As you can see, installing bifacial solar panels is about much more than just ensuring that the panels are facing south. Provided you keep the above information in mind, you will be successful.
Bifacial vs Traditional Solar Panels
In this section, we are going to highlight the main differences between traditional and bifacial panels so that you have a quick reference guide to glance over before you decide which type of solar array is going to work best for you.
Bifacial Panel Pros
Here are the main benefits of making use of a bifacial system.

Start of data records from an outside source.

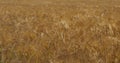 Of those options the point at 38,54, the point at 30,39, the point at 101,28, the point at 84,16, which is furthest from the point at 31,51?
the point at 84,16

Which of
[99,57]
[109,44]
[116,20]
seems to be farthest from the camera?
[116,20]

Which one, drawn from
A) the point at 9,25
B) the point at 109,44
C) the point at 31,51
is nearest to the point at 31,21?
the point at 9,25

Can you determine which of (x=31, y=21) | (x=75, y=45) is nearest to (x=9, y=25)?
(x=31, y=21)

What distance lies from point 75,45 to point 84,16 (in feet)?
7.02

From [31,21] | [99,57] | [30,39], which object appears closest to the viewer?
[99,57]

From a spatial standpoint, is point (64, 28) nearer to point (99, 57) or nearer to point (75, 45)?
point (75, 45)

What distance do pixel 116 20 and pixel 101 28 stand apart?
2.65 feet

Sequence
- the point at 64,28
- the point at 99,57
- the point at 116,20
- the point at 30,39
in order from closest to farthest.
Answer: the point at 99,57, the point at 30,39, the point at 64,28, the point at 116,20

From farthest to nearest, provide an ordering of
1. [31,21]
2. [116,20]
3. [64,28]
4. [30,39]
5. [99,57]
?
[31,21], [116,20], [64,28], [30,39], [99,57]

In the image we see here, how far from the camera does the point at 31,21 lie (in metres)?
7.09

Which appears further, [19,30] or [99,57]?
[19,30]

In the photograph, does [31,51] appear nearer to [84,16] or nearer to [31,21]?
[31,21]

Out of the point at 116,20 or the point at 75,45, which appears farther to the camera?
the point at 116,20

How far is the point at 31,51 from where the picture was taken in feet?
16.8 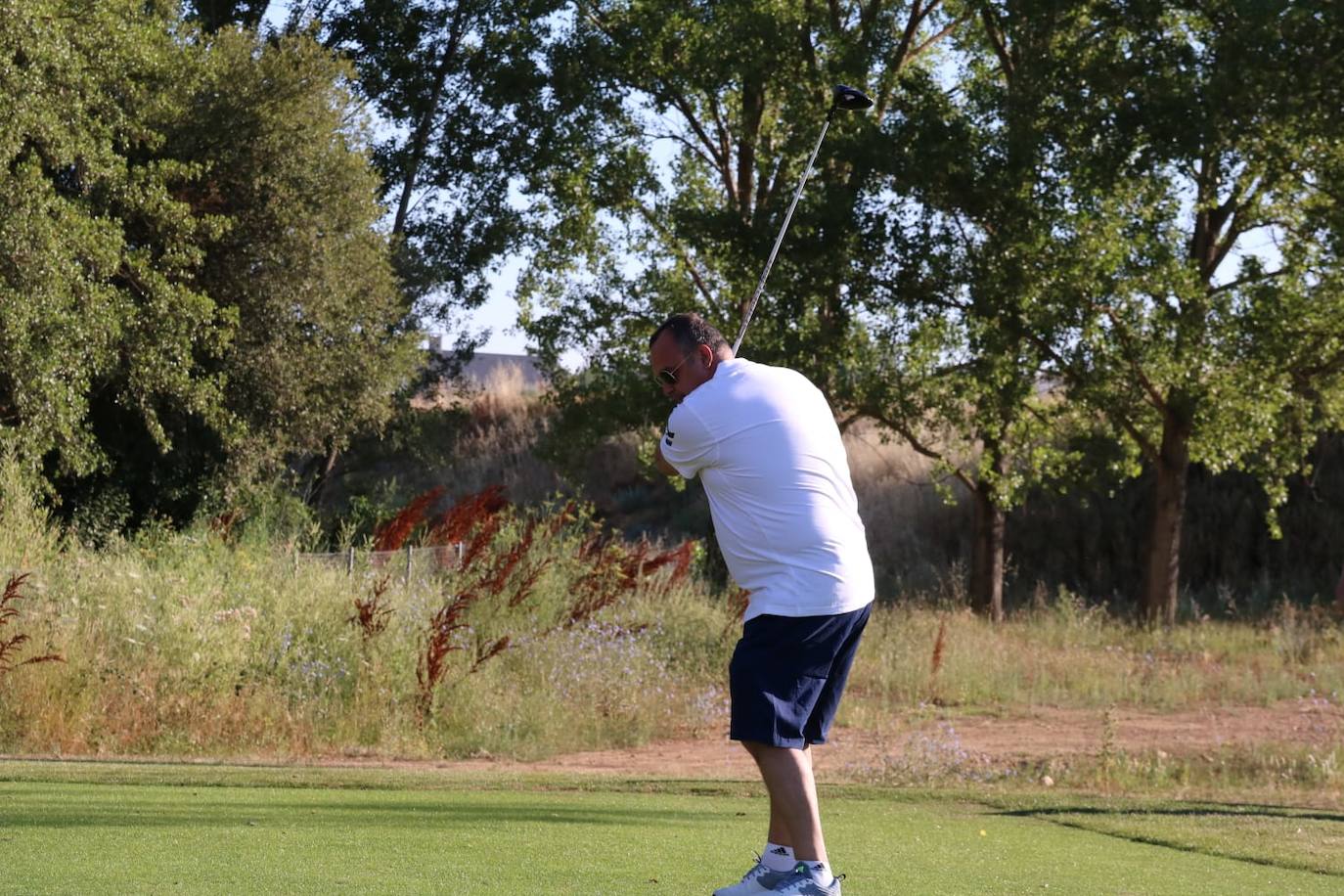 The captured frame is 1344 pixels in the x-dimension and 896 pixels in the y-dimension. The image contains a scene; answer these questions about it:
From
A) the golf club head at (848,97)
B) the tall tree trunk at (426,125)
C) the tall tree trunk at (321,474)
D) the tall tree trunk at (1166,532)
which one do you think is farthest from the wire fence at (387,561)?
the tall tree trunk at (426,125)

- Can yield a higher level of effectiveness
- Has a more desirable appearance
- Can lead to bigger long-term savings
- Has a lower operating temperature
- Better energy optimization for high reflected light absorption
Traditional Panel Pros
The main benefits of making use of a traditional system are the following.
- Cheaper upfront costs
- Simpler installation process
- More suitable for small- or medium-scale locations
- More durable frame because of thickness
- Technology can be easier to maintain due to being more widely accessible
Bifacial Panel Cons
These are the main cons of the dual-panel technology.
- More expensive
- Arguably more efficient than many people need for the money
- More difficult and more complicated to install
- Likely to be harder to maintain due to being less widely used
Traditional Panel Cons
The main cons of single-panel technology are the following.
- Potentially not as efficient
- Design that is usually more visually intrusive
- Possibly will not save you as much in the long run
- Not necessarily the best option for large-scale energy savings
In a nutshell, these are the primary positive and negative aspects of the two panel types.
After reading through this article, we hope that you now feel more confident and educated about this groundbreaking form of sun-powered technology. Although still in its infancy, the dawn of bifacial solar panels is definitely upon us, and it is likely to become the standard means of harnessing photon rays as technology advances and these systems become both more efficient and more economical.
Regardless of at what stage you choose to invest in this evolved type of solar panel, you are going to see massive benefits in regards to long-term cost savings while leaving zero emissions in the process. It is simply a better way to produce and consume energy.